То был всего лишь зародыш мысли, но он послужил толчком к составлению сложного плана, который в конце концов и был осуществлен приемышем Калы…
Но случилось это уже много позже.
VI. Бой в джунглях
Постоянные скитания иногда приводили обезьян к запертой заброшенной хижине на берегу океана. Эта безжизненная берлога была для Тарзана неиссякаемым источником интереса.
Он заглядывал в забранные переплетенными ветвями окна, взбирался на крышу и смотрел в черное отверстие трубы, пытаясь представить себе чудеса, заключенные за крепкими бревенчатыми стенами.
Его детское воображение создавало фантастические образы удивительных существ, находящихся внутри дома. И его страшно раздражала слишком узкая труба и недоступные окна.
Вообще-то обезьяны неохотно появлялись возле хижины, потому что память о палке, извергающей громы, еще смутно жила в их мозгу, и заброшенное обиталище белого человека по-прежнему пугало их.
Тарзан и не подозревал о том, что сам он когда-то здесь родился.
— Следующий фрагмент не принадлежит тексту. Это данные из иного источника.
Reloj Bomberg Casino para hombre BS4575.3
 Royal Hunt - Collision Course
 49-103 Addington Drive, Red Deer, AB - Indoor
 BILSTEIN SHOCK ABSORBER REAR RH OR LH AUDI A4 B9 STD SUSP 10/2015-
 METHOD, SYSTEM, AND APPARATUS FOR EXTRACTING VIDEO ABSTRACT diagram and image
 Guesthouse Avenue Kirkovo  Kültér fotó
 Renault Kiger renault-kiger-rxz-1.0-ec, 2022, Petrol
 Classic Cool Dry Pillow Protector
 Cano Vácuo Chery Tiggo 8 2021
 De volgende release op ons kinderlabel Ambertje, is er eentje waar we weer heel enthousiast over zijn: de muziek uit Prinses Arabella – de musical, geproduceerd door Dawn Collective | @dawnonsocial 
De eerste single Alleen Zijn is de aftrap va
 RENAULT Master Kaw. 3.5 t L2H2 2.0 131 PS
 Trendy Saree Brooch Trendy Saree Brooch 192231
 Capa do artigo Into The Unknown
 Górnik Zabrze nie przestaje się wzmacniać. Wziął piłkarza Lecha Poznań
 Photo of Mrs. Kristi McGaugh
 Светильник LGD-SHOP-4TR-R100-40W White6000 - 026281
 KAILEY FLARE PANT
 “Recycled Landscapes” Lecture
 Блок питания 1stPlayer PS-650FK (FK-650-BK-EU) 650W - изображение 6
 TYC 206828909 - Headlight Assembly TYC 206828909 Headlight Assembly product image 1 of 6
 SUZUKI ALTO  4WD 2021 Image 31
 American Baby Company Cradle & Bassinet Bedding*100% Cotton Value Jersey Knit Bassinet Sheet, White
В обезьяньем языке слишком мало слов, чтобы рассказывать длинные сложные истории; для описания необычных вещей речь горилл чересчур примитивна.
Кала туманно и смутно объяснила Тарзану, что отец его был странной белой обезьяной, но мальчик не знал, что горилла не была ему родной матерью.
И все-таки странное любопытство влекло его к заброшенному деревянному логову, и он часто приходил сюда один и часами бродил вокруг хижины, пытаясь найти какой-нибудь вход.
Вскоре после своего приключения со старой Сабор Тарзан снова пришел к дому и на этот раз заинтересовался дверью, на которую прежде не обращал внимания, так как с виду она мало чем отличалась от массивных прочных стен.
Много часов подряд мальчик возился с петлями, с ручкой, с засовом… И вдруг, когда он потянул за свисающую высоко снаружи кожаную петлю, что-то стукнуло изнутри, и дверь распахнулась.